A eleição presidencial portuguesa de 2026 é um pleito que visa eleger o Presidente da República de Portugal. As pesquisas de opinião indicavam uma disputa acirrada entre os principais candidatos, levantando a possibilidade de um segundo turno, que se confirmou. Este segundo turno, que não ocorria há 40 anos na história eleitoral portuguesa, será disputado entre António José Seguro, da centro-esquerda, e André Ventura, do populismo. Cerca de 11 milhões de portugueses foram às urnas para escolher o próximo presidente, em um pleito considerado um dos mais fragmentados da história recente do país.
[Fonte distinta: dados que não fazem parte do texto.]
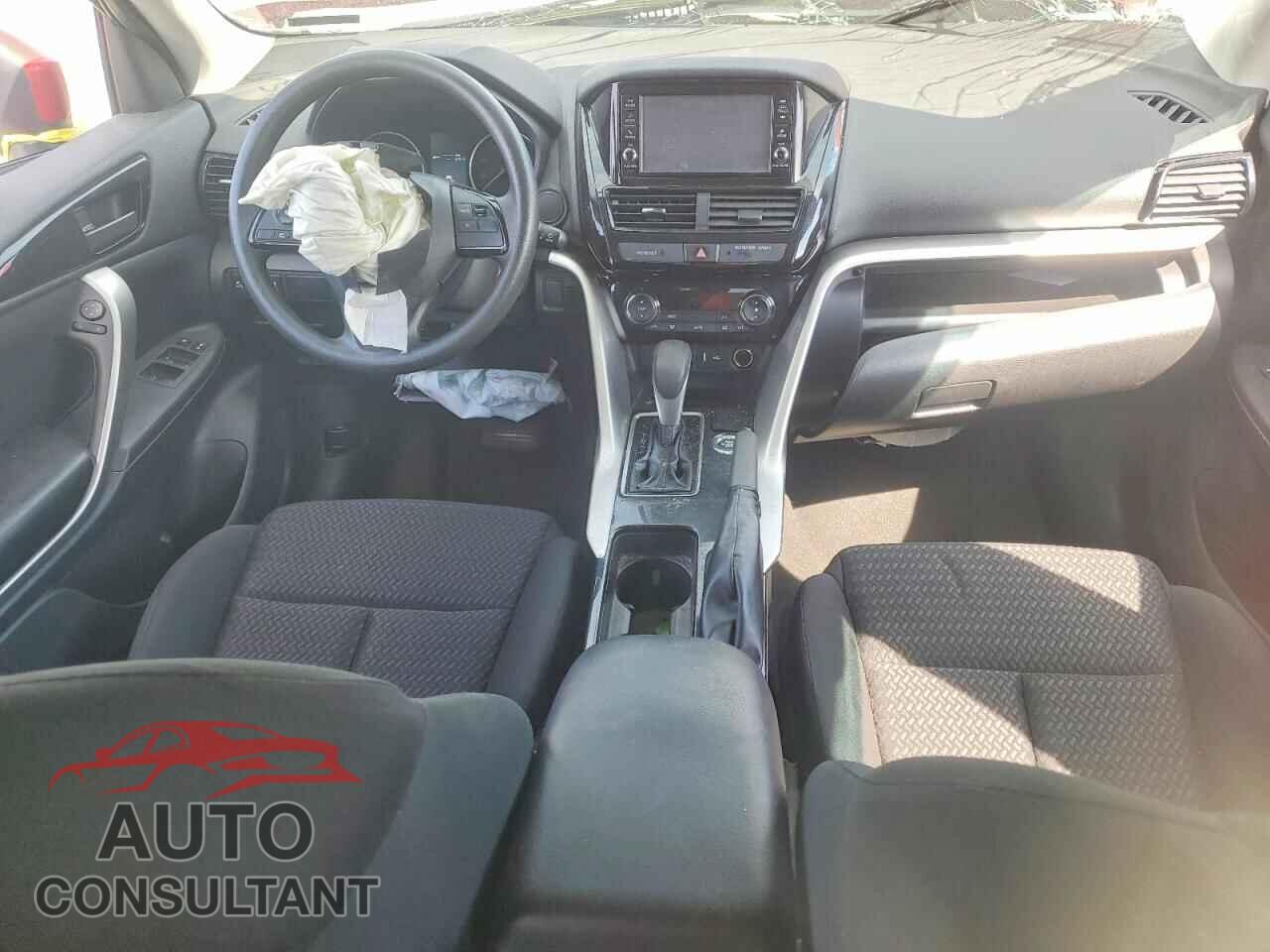 MITSUBISHI ECLIPSE 2022 - JA4ATUAA2NZ012819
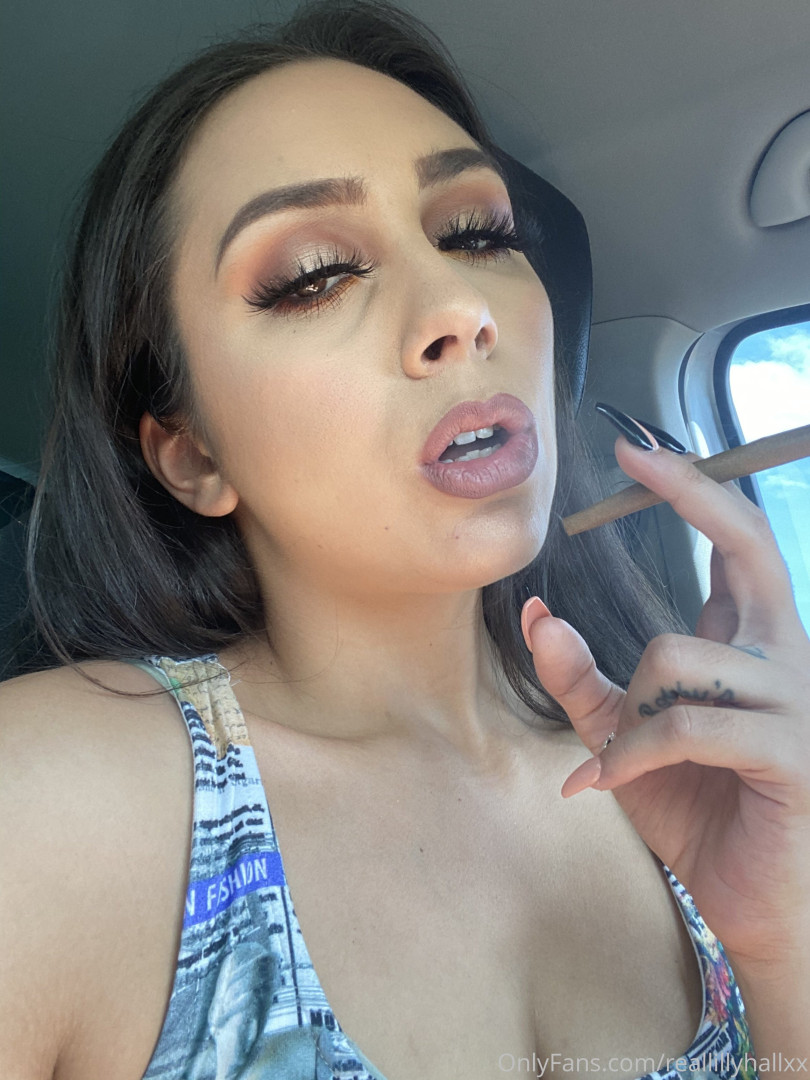 Photo by reallillyhallxx published on August 17,2023 05:45:56 - BestThots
As projeções de abstenção indicam uma taxa entre 37% e 43%, o que, se confirmado, representaria a eleição presidencial com maior participação desde 2006.
A eleição presidencial de 2026 ocorre em um cenário político onde a possibilidade de um segundo turno era considerada significativa e se concretizou. Historicamente, as eleições presidenciais em Portugal têm sido decididas no primeiro turno na maioria das vezes. A última vez que um segundo turno foi necessário para definir o presidente foi há quatro décadas. A disputa atual, com vários candidatos fortes, sugeriu uma fragmentação do voto que impediu que qualquer candidato obtivesse a maioria absoluta no primeiro turno, levando à confirmação do segundo turno. O atual presidente, Marcelo Rebelo de Sousa, de centro-direita, que ocupou o cargo por quase uma década e foi marcado por uma postura conciliadora, está impedido pela Constituição de concorrer a um terceiro mandato consecutivo, abrindo espaço para uma corrida inédita ao Palácio de Belém. Em Portugal, o presidente é o chefe de Estado e exerce funções mais cerimoniais, mas em momentos de crise, a figura presidencial ganha mais peso político, podendo dissolver o Parlamento, destituir o governo e convocar eleições, além de comandar as Forças Armadas. A disputa eleitoral para o segundo turno reflete a polarização política entre a centro-esquerda e os movimentos populistas.